[Spambayes] train-to-exhaustion questions

Thu Apr 26 20:15:11 CEST 2007

    David> 1. A recent training run went like this:

    David>   round:  1, msgs:  690, ham misses:  61, spam misses: 210, 176.3s
    David>   round:  2, msgs:  690, ham misses:   8, spam misses:  53, 165.6s
    David>   round:  3, msgs:  690, ham misses:   1, spam misses:   7, 159.6s
    David>   round:  4, msgs:  690, ham misses:   1, spam misses:   2, 159.6s
    David>   round:  5, msgs:  690, ham misses:   0, spam misses:   1, 157.8s
    David>   round:  6, msgs:  690, ham misses:   1, spam misses:   1, 160.9s
    David>   round:  7, msgs:  690, ham misses:   0, spam misses:   1, 211.0s
    David>   round:  8, msgs:  690, ham misses:   0, spam misses:   1, 172.6s
    David>   round:  9, msgs:  690, ham misses:   0, spam misses:   1, 197.1s
    David>   round: 10, msgs:  690, ham misses:   1, spam misses:   1, 174.6s

    David>   It seems that the results got *worse* in rounds 6 and 10.  Am I
    David>   misinterpreting this?  Are these expected results?

I would look through your log files, probably near the end, to see if there
is some message that is either a mistake or extremely hard to properly
classify.  One type of spam that gives the tte algorithm fits is a very
short spam sent to an otherwise normally well-behaved mailing list.  You
have a bunch of hammy header clues and one (or at most a few) spammy clues.
The first several times through that message will probably score as unsure.
It will thus get retrained over and over.  After awhile, the hammy header
clues will get less hammy, perhaps some even spammy.  That will drag some
previously ok ham messages into the unsure category.  A vicious cycle
ensues.  When this happens I just delete that problematic spam from the
database and retrain.

    David> 2. I have about 350 each of ham and spam that I can use to train
    David>    on.  I'm sure that some of these messages are mostly redundant
    David>    and add little or nothing of value to the training data.  I
    David>    don't want to waste time on them every time I do a training
    David>    run.  Is there some way to use tte.py to reduce my training
    David>    set to the messages that actually make a difference?

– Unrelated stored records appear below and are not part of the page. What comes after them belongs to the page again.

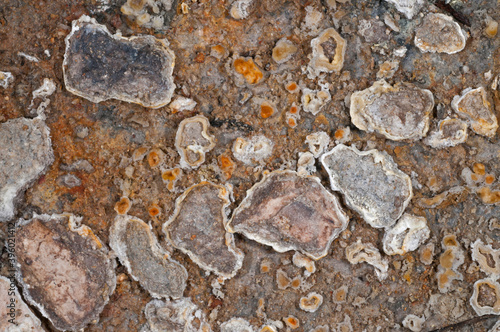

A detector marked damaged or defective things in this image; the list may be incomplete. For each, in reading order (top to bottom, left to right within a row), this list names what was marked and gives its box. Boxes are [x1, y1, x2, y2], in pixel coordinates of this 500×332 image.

rusty orange spot [233, 57, 264, 83]
rusty orange spot [114, 197, 131, 215]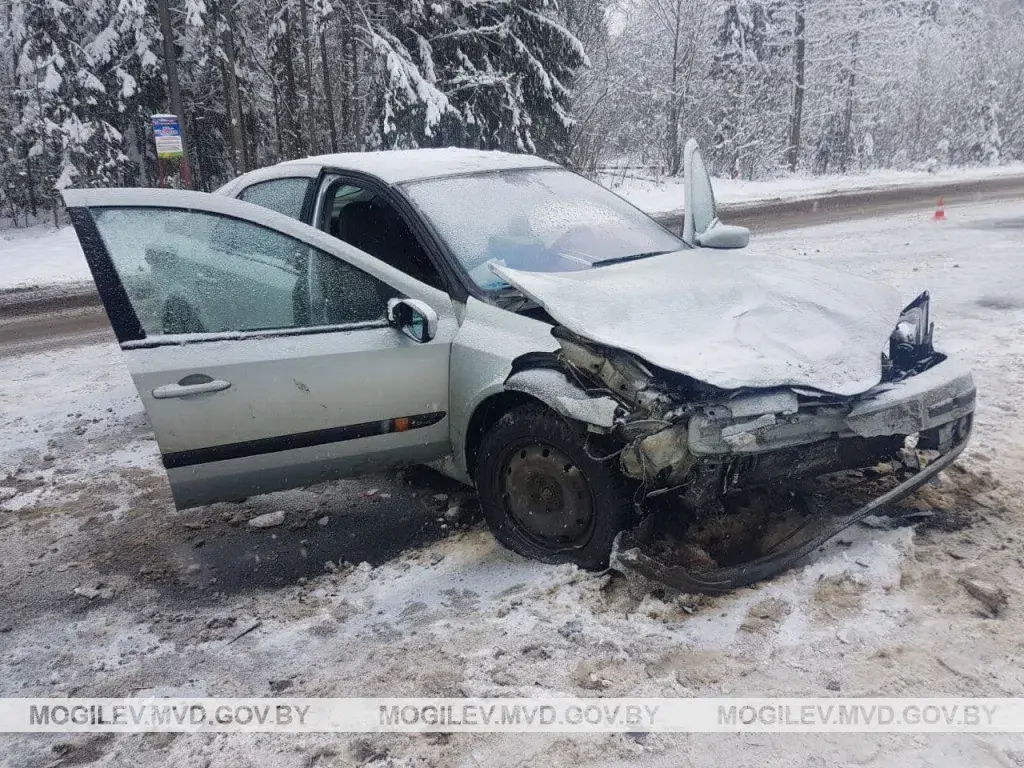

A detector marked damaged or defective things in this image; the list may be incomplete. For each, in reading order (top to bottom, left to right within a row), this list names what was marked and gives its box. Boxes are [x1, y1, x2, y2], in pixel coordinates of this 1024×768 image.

crumpled car hood [493, 250, 905, 397]
broken headlight [888, 290, 937, 370]
damaged car front end [503, 288, 974, 593]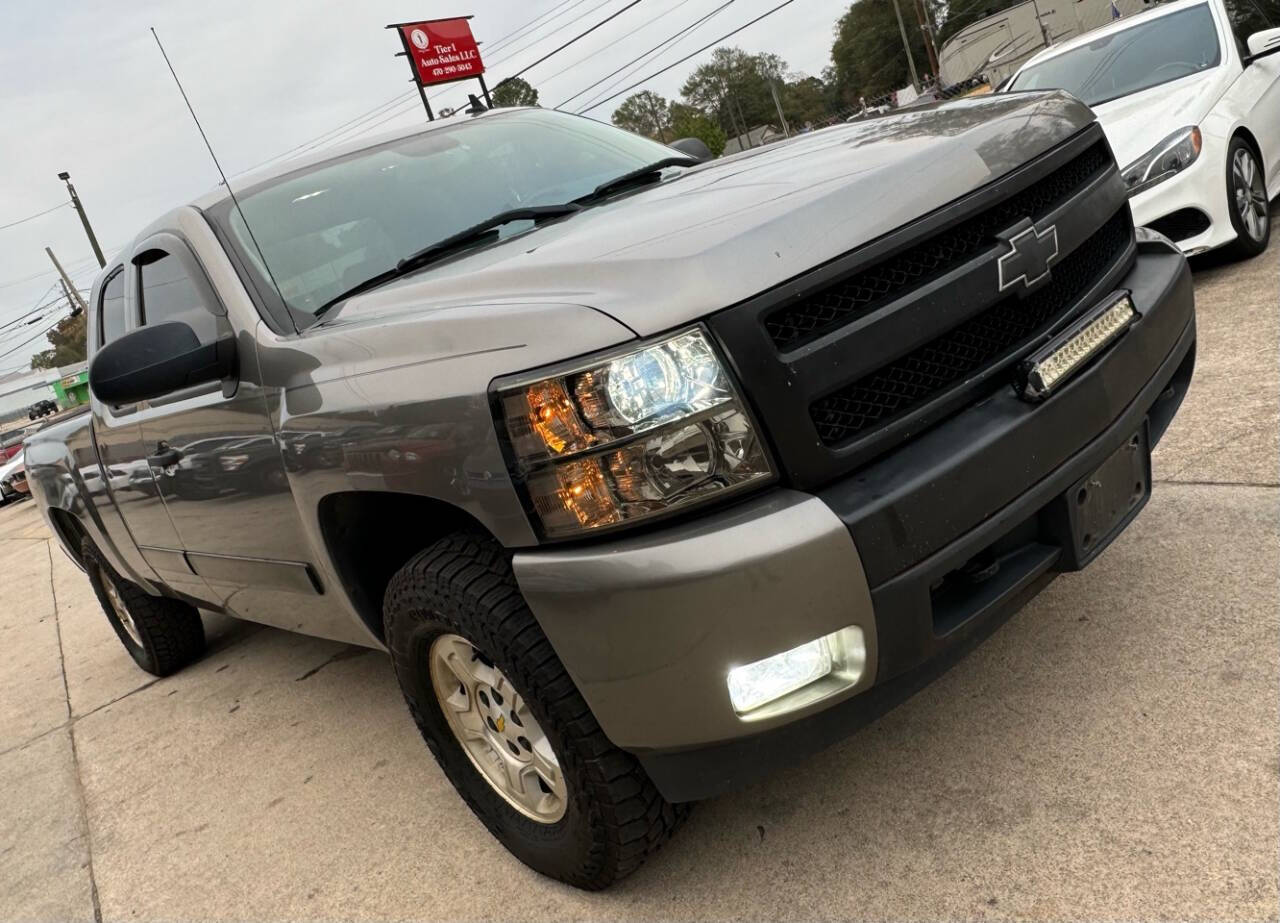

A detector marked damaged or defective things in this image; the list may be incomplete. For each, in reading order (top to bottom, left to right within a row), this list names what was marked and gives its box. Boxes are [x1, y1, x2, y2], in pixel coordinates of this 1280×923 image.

pavement crack [47, 540, 103, 921]
pavement crack [293, 645, 368, 681]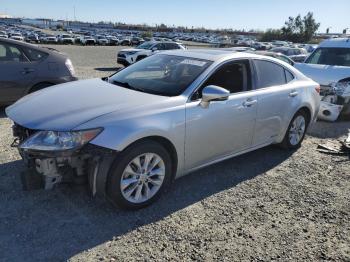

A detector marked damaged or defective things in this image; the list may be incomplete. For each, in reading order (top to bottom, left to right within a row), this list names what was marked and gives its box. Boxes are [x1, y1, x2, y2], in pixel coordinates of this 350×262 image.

dented hood [296, 62, 350, 85]
dented hood [5, 78, 170, 131]
damaged front bumper [11, 124, 116, 198]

Many of them will train correctly the first time through.  The tte script
should not write them out at the end.

I run tte.py via a shell script wrapper called "tte" (attached) and
currently run it like so:

    cd ~/tmp
    mv newham.old.cull newham.old
    mv newspam.old.cull newspam.old
    touch newham
    touch newspam
    HC=0.02 SC=0.98 RATIO=1:1 tte

new{ham,spam}.old.cull are the files written by tte itself.  newham and
newspam are the messages I've saved from my mailer since the last run.

Skip

-------------- next part --------------
#!/bin/bash

# various generated files
## DB=$HOME/tmp/tte.db
LOG=$HOME/tmp/tte.log

# these are tighter than my actual scoring thresholds
HC=${HC:-0.03}
SC=${SC:-0.75}

TTEPY=$HOME/src/spambayes/contrib/tte.py

PYTHON=python
EXPIMP=sb_dbexpimp.py
UNHDR=sb_unheader.py

# can override these from the environment but I never do...
NEWHAM=${NEWHAM:-$HOME/tmp/newham}
NEWSPAM=${NEWSPAM:-$HOME/tmp/newspam}

# output of preliminary cleaning
OLDHAM=${NEWHAM}.old
OLDSPAM=${NEWSPAM}.old

# ratio of spam to ham
RATIO=${RATIO:-1:1}

# there must be at least one new ham or spam message to consider retraining
if [ -f $NEWHAM -o -f NEWSPAM ] ; then
    # clean up ham and spam collections, removing spambayes headers
    echo cleaning $NEWHAM
    touch $NEWHAM
    $UNHDR -p 'X-Hammie|X-Spam' $NEWHAM >> $OLDHAM
    chmod 600 $OLDHAM
    rm $NEWHAM

    echo cleaning $NEWSPAM
    touch $NEWSPAM
    $UNHDR -p 'X-Hammie|X-Spam' $NEWSPAM >> $OLDSPAM
    chmod 600 $OLDSPAM
    rm $NEWSPAM

    echo $TTEPY > $LOG
    if $PYTHON $TTEPY \
        --ratio=$RATIO \
          -g $OLDHAM \
          -s $OLDSPAM \
          -R \
          -o Categorization:ham_cutoff:$HC \
          -o Categorization:spam_cutoff:$SC \
          -c .cull \
          -v 2>> $LOG ; then
        chmod 600 $OLDHAM.cull $OLDSPAM.cull
        exit $?
    else
        echo "db generation failed - check tte.log"
        exit 1
    fi
else
    echo "nothing new to train on"
fi